The Fermi Paradox

The Fermi paradox is the puzzling conflict between the high likelihood of finding alien life or signs of alien life on earth and the fact that we have found none.

There are many explanations for this discrepancy (see Wikipedia Fermi paradox) but they ignore one important factor—self-replicating spacecraft. If we could build a spacecraft that made a copy of itself after it had landed then it can be shown that our galaxy, despite its vast size could be filled with such spacecraft in a few tens of millions of years.
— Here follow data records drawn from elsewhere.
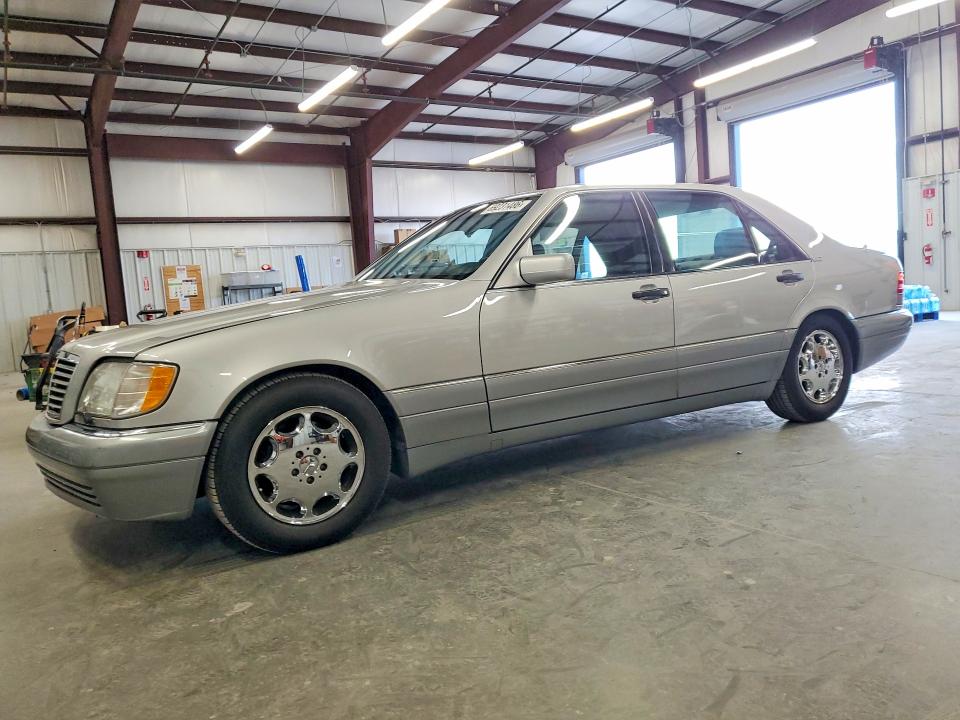 Auction sale of the 1996 Mercedes-benz S, vin: WDBGA57E3TA293870, lot number: 69231486
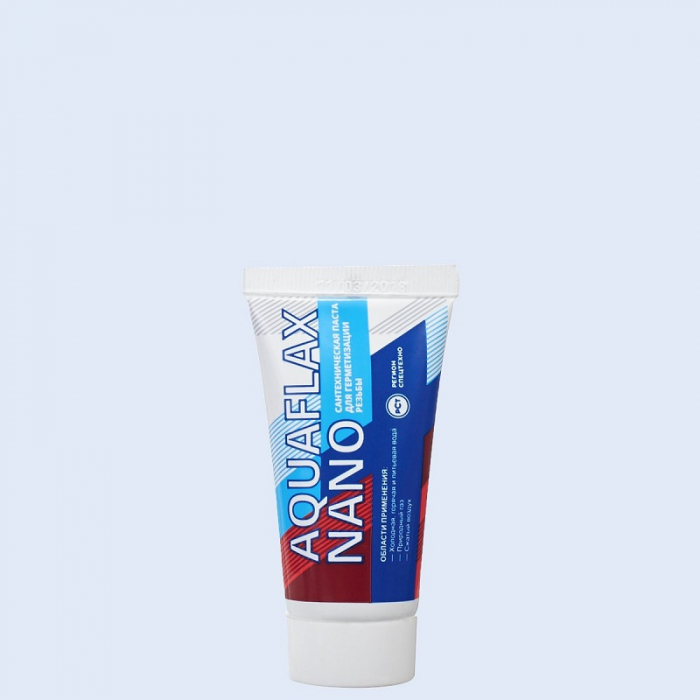 Паста уплотнительная Aquaflax nano 30 г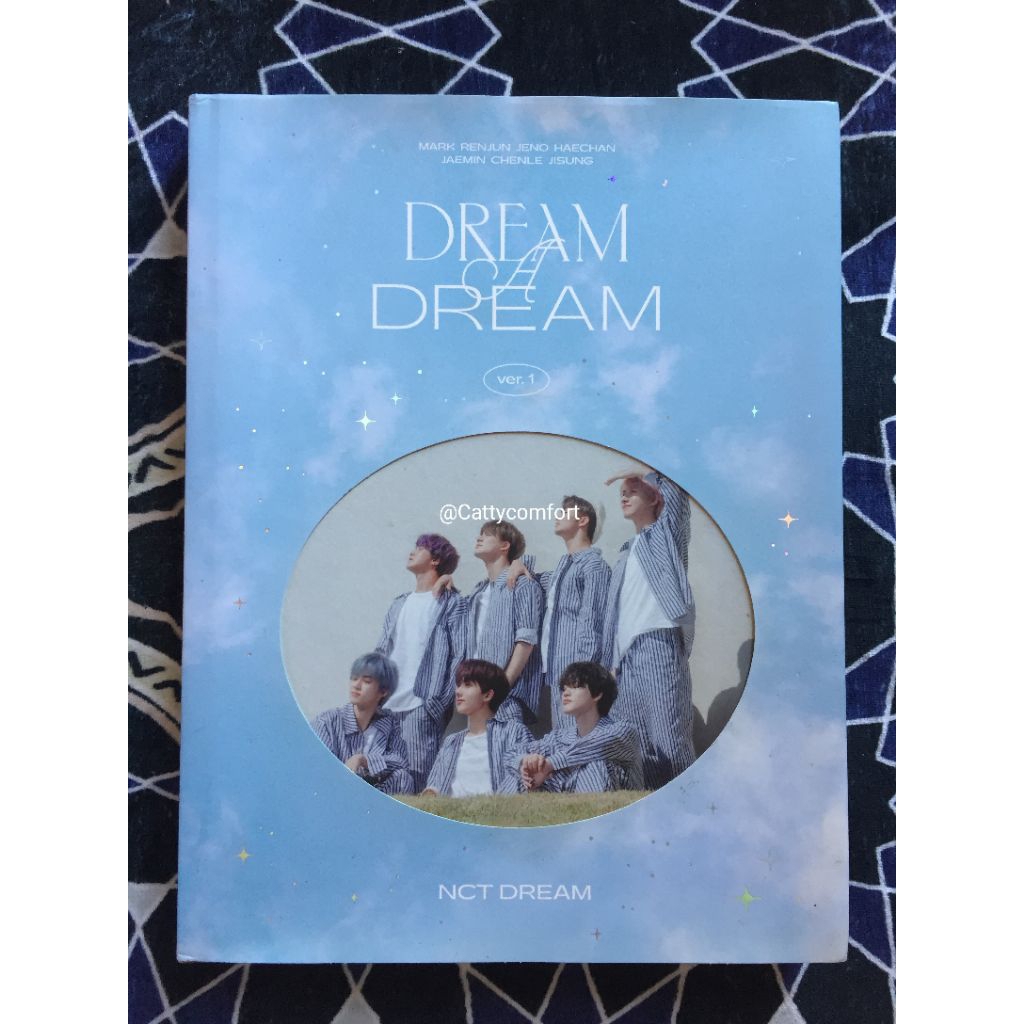 Photobook dream a dream NCT Dream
The key question is whether it will ever be possible to build a spacecraft that could replicate itself. Such a spacecraft, although we could not build one today, does not appear to require any breakthrough that is beyond the bounds of current science. If the human race could build such a device ‘soon’, that is within say a thousand years, then thousands, possibly millions, of other civilizations must have been able to build such devices before now. The earth should therefore be full of self-replicating spacecraft.

I can hear you raising many objections but I think they can all be answered. This leaves the ‘Shafe paradox’ :), a subset of the Fermi paradox, ‘where are all the self-replicating spacecraft?’.

Objections Answered

  1. The galaxy is very big so why do you say it could be filled in only a few tens of millions of years?
    1. Voyager I would take about 80,000 years to reach our nearest star Proxima Centauri which is 4.2 light years away. Assume that it is possible to build a self-replicating spacecraft (SRS) that is eighty times faster, about 1,300 kilometers per second, then it would take about 1,000 years. Our galaxy is about 100,000 light years across so it would take 24 million years to cross the galaxy. How many stars have planets or asteroids containing the material to replicate a SRS? If we assume one in 1,000 stars then our SRS will replicate itself every 1 million years. If our SRS makes just 10 copies each time then after 12 replications the number of copies travelling across our galaxy will exceed the number of stars in our galaxy, roughly 300 billion. After 100 million years our entire galaxy will have turned into self-replicating spacecraft.
  2. Is it possible for a spacecraft to survive in space for a million years?
    1. Not easily. It is possible a small craft could travel faster and it is possible more stars than one in a thousand have suitable material orbiting them. Another solution is that the self-replicating spacecraft is also self-repairing as the two requirements are similar. With suitable spare material and with multiple copies of each part when damage is detected in one copy that copy could be repaired.
  3. Why would any intelligent lifeform build such a device?
    1. Because it is possible. If only a small percentage of lifeforms built such a device then we should see them on earth.
  4. After landing on a planet to replicate could the spacecraft reach escape velocity?
    1. It may be sensible to never land on a planet as large as earth but to use the material from asteroids to replicate. We should see evidence of this is we examine asteroids closely.